◆ **Task directions**:
Everything from the line containing "Rebecca Halterneck Ruffle" through the line containing "Yapı üzerine yaslanmış" in the listing below should be copied exactly, and nothing more.

*** Opening Available data ***

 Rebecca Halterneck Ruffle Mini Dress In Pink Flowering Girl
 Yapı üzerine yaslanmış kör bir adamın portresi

*** Closing Available data ***
*** Opening Available data ***

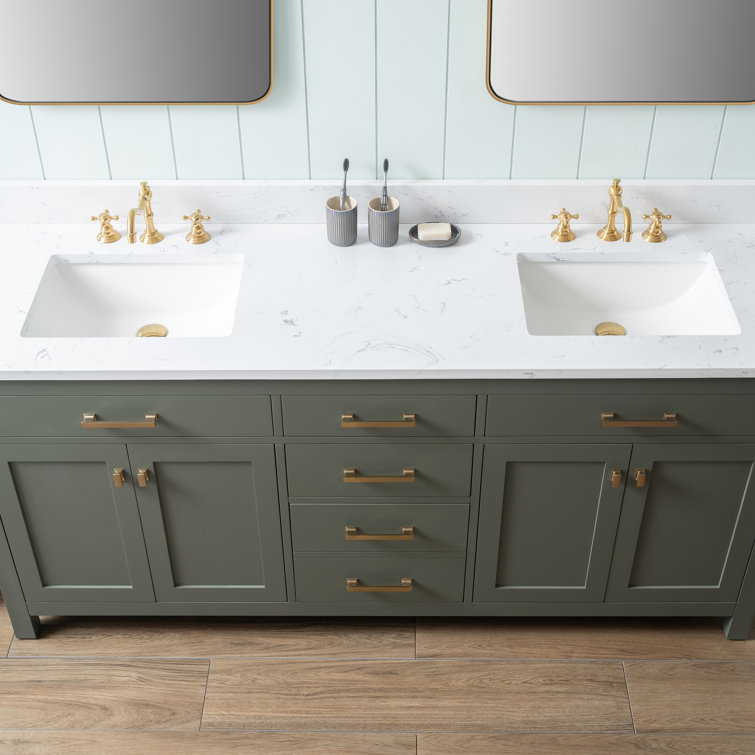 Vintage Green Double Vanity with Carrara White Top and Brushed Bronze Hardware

*** Closing Available data ***

◆ **Task response**:
 Rebecca Halterneck Ruffle Mini Dress In Pink Flowering Girl
 Yapı üzerine yaslanmış kör bir adamın portresi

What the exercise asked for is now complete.